Prime numbers are positive integers **(natural numbers)** greater than one, which is divisible by only two numbers, the same and one without the remainder; the name is indivisible,

and Primary numbers are infinitesimal Infinite numbers are infinite numbers, and positive integers greater than one, and the number of denominators more than two are called non-prime numbers

or complex numbers, which can be broken down, while the two numbers (0.1) are excluded from the list of prime numbers and complex numbers.

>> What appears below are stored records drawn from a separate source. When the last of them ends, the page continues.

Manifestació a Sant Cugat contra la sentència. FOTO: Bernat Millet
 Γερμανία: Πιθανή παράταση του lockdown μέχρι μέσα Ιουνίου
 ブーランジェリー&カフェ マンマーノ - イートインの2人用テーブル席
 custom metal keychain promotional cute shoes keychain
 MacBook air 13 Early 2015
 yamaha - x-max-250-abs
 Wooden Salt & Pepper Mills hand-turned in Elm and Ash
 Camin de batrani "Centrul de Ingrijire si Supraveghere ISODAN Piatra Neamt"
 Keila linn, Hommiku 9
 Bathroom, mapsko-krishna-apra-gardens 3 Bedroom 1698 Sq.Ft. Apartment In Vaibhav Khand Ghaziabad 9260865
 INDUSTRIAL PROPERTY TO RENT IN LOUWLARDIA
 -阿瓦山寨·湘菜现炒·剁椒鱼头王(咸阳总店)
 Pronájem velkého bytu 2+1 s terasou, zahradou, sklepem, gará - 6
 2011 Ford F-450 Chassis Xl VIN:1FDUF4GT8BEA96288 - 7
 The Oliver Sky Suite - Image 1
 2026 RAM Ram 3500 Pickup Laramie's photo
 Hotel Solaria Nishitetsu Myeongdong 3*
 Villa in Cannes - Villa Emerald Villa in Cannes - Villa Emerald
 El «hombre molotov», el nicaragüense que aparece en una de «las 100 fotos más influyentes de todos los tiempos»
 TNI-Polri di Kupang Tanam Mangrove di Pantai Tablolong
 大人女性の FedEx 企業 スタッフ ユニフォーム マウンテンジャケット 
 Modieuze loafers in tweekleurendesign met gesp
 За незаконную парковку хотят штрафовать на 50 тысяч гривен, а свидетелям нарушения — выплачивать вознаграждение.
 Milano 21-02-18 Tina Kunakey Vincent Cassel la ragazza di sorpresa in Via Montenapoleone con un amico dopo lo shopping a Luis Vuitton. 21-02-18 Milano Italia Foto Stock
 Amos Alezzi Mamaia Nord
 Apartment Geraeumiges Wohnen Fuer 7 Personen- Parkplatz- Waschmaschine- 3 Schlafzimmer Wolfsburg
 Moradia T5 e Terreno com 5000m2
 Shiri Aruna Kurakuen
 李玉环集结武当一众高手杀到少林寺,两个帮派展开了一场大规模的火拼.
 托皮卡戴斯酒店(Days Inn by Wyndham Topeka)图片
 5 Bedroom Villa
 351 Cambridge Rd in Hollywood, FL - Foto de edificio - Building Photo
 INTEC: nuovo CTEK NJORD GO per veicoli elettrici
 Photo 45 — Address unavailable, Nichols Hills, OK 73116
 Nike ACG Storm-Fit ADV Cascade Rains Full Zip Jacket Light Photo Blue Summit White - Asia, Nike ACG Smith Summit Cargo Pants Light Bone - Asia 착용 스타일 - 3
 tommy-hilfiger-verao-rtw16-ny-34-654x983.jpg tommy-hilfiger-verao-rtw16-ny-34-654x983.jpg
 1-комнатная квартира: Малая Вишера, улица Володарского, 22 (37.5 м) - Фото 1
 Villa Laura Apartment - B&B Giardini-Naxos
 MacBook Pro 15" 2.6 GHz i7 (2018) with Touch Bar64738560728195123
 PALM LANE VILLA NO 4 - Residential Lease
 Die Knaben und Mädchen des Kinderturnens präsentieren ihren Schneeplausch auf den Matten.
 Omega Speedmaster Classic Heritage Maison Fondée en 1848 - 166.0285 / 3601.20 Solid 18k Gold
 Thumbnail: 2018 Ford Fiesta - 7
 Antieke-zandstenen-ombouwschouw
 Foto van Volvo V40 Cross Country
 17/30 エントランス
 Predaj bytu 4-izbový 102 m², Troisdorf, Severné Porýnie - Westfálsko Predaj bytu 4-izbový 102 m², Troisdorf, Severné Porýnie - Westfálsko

Scientists have been interested in the preliminary numbers since ancient times, and is still to the attention of mathematicians;

history records indicate the ancient Egyptians know the concept of a prime number, but the ancient Greeks are still the first to conduct serious studies on this subject,

for example, Euclid in 300 BC In his books the prime numbers are endless. There has been much controversy over the truth of the number 1;

whether it is a prime number or non-prime, and from the definition of Primary numbers are numbers that have two natural denominators,

but the number one has only one denominator and is the same only, and may not repeat similar factors, and to clarify (1 × 1 = 1); so its factors are only one set without repeating the same denominators.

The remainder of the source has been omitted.